Another option would be to do nothing and drop support for OpenBSD <6.4, as that is more than two releases old per https://github.com/golang/go/wiki/OpenBSD#longterm-support. I don't know if this is a big enough issue to warrant that though, or if we'd need to give a cycle or two of announcement.

OpenBSD only supports the last two releases - that is currently 6.8 (released last month) and 6.7 (released May 2020). Anything older (6.6 and earlier) are unsupported and no longer receive reliability or security fixes. Based on previous discussions, Go should target the same - there is little gained by intentionally supporting OpenBSD 6.6 or earlier, or running builders with EOL releases (in fact the opposite is true - Go risks running into problems by not running builders for supported releases).

4a6f656c on 6 Nov 2020

👍1

@prattmic @4a6f656c I came here to suggest/ask something similar.

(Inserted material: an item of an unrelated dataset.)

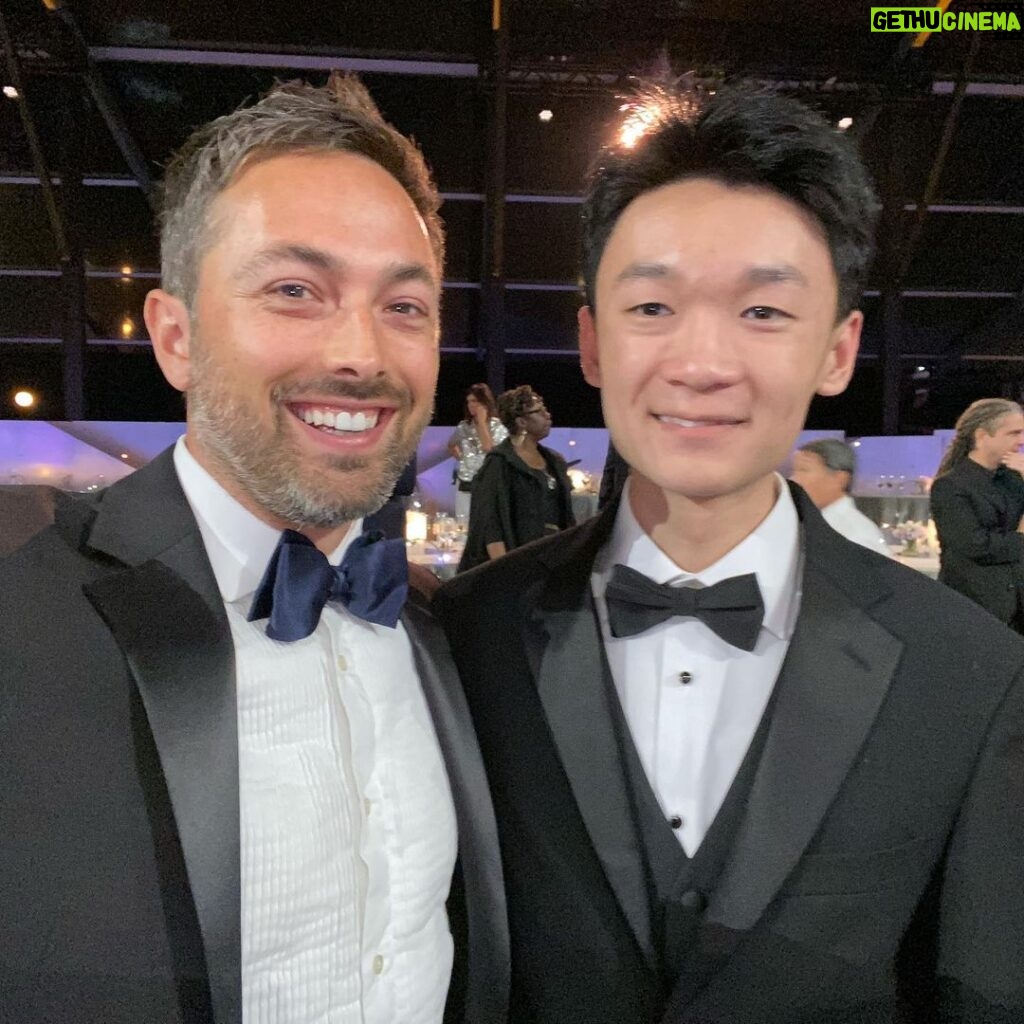 Derek Muller Instagram - Hanging out with the winner of the Breakthrough Junior Challenge, Jeffrey Chen. Did a great job of explaining neutrino astronomy. He’s one to watch! Hangar One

If we've determined here that the Go code is correct and this issue is due to a kernel bug in OpenBSD 6.2 which has been fixed in OpenBSD 6.4, then I think we should drop the builders.

The primary reason we still have OpenBSD 6.4 and 6.2 builders is because we didn't have enough bandwidth to get them updated more frequently (the last update was in 2018, see CL 139857 and CL 143458). If the builder health were at 100%, we would have OpenBSD 6.8 and 6.7 builders for the supported versions of OpenBSD. (Issue #35712 is about adding a OpenBSD 6.8 builder.)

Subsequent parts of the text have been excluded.